In an embodiment, the NAT rule processing engine 112 is configured to perform two principal tasks. As one task, in an embodiment, the NAT rule processing engine 112 is configured to resolve a nested object group into an IP address or port, if any, and to populate the Translated NAT Hash Table 122 with data describing the group. As another task, in an embodiment, the NAT rule processing engine 112 is configured to provide a user interface that can receive and execute requests to search and filter the table, via GUI 142.
In an embodiment, the Translated NAT Hash Table 122 comprises a source IP address value, source port value, mapped IP address value, mapped port value parameters, and direction for every address translation that is defined on the security device. Thus, each entry in the table corresponds to at least one NAT statement in the configuration file 104, and an individual NAT statement in the configuration file may correspond to a plurality of entries in the table. To populate the table, the NAT rule processing engine 112 iterates through each entry in the Translated NAT Hash Table 122. If the entry identifies an IP or port value parameter, then the value is retained. If the entry corresponds to an object group, then the object group is resolved by performing a single or recursive lookup on the Object Group Hash Table 120.
For example, when a particular NAT statement refers to a non-nested object-group, then a single lookup operation in the Object Group Hash Table 120, based on the object-group name or a hashed key value, may be sufficient to obtain all individual network addresses, port values, or subnets that the object-group represents. However, if a first-lookup in the Object Group Hash Table 120 yields a second object-group as one of the parameter values for a first object-group, then a recursive call is performed into the same code base to cause a second lookup in the Object Group Hash Table to obtain flattened parameter values for the second object-group. If one of those parameter values is another object-group reference, then another call is performed until all calls result in returning discrete lists of addresses, port values, or subnets.

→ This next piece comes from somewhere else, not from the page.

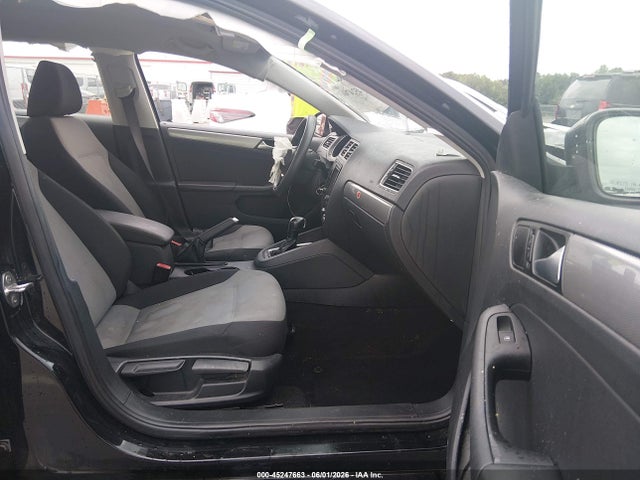 2017 Volkswagen Jetta 1.4t S მანქანა იყიდება აუქციონზე, vin: 3VW2B7AJ6HM289572, აუქციონის ნომერი: 45247663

The lookups permit transforming object-group references in NAT statements into atomic values, such as IP address or port parameters, so that the NAT rule processing engine 112 may form an entry in the Translated NAT Hash Table 122 corresponding to the NAT statement with all the resolved source and destination parameters. As a result, the Translated NAT Hash Table 122 becomes populated or stored with a plurality of entries in which all abstract references to addresses or ports in the original NAT statements have been replaced with discrete values that can be used in subsequent visualization operations.
In an embodiment, the Translated NAT Hash Table 122 may include a key value for each entry to permit rapid indexing and searching; the key value may be a hash over a subset of all parameter values in a particular entry, or a hash over a first network address value represented in an entry.
In an embodiment, the NAT rule processing engine 112 is configured to provide search and filter functions that accept source parameter, mapped parameter, type, direction or combination of these as input. To parse the IP addresses, regular expression and bitwise operations are performed to look up values in the Translated NAT Hash Table 122 and match the values against subnets, ranges of IP addresses and host values. A regular expression matching operation is performed to parse all other parameters in the Translated NAT Hash Table 122. All matched entries are returned to the NAT rule visualizer 114.
In an embodiment, the NAT rule visualizer 114 is configured to generate a graphical user interface to display to facilitate user review of the NAT translations and to facilitate search functionality. The NAT rule visualizer 114 may be configured to extract data from the Translated NAT Hash Table 122 and to cause displaying the data in a table layout. In an embodiment, the table layout organizes the data into NAT parameters such as NAT type, source IP address, source port, mapped IP address, mapped port, and direction in which NAT is applied. These parameters typically represent the greatest interest for users; however, in other embodiments, other columns or organizational methods may be used.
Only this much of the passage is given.